Budding Country Music Fan

I have never really listened to much music. I know hymns from church, a few show tunes, and lots of folk songs and Irish fiddle music from my college experience backpacking around the country with the Audubon Society. When I’m working alone, for company I listen to instrumental soundtracks. On long drives I tend to daydream rather than turn on the radio.

But a couple of years ago I began tuning in occasionally to the local country music station. Originally it was simply because my elderly friend Allen talked about so many country songs and of course I’d never heard any. I wanted to understand the appeal. In my mind country music had something to do with big hair and Nashville.

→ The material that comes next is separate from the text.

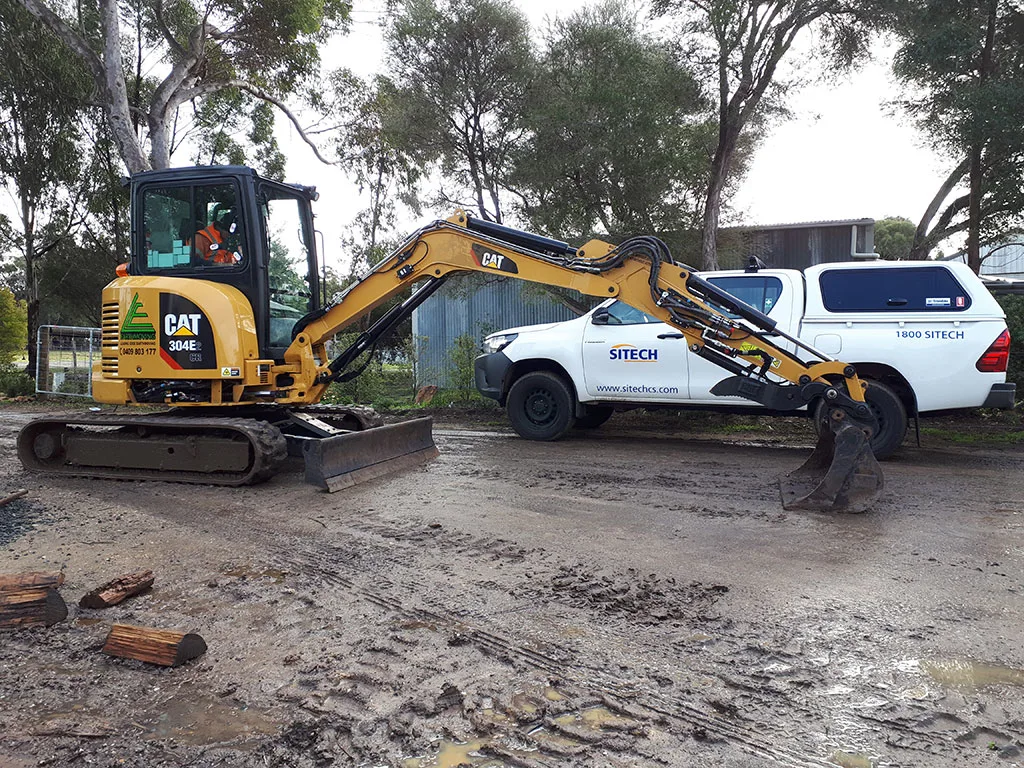 A yellow CAT 304E mini excavator is parked on muddy ground next to a white Sitech truck.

When I was driving Jon’s carpool, he and I listened to the country station together and Jon observed, “All the songs tell a story.” He liked them. On a recent trip to Vermont, Lucy said, “It seems like all the songs are about trucks, tractors, and beer. Oh, and love!”

I certainly don’t pretend to know country music but in my limited exposure it seems to me that country is a direct descendant of traditional folk songs: these are the songs of working people.

The other day, driving home with my groceries, I heard the song Cost of Livin’ by Ronnie Dunn.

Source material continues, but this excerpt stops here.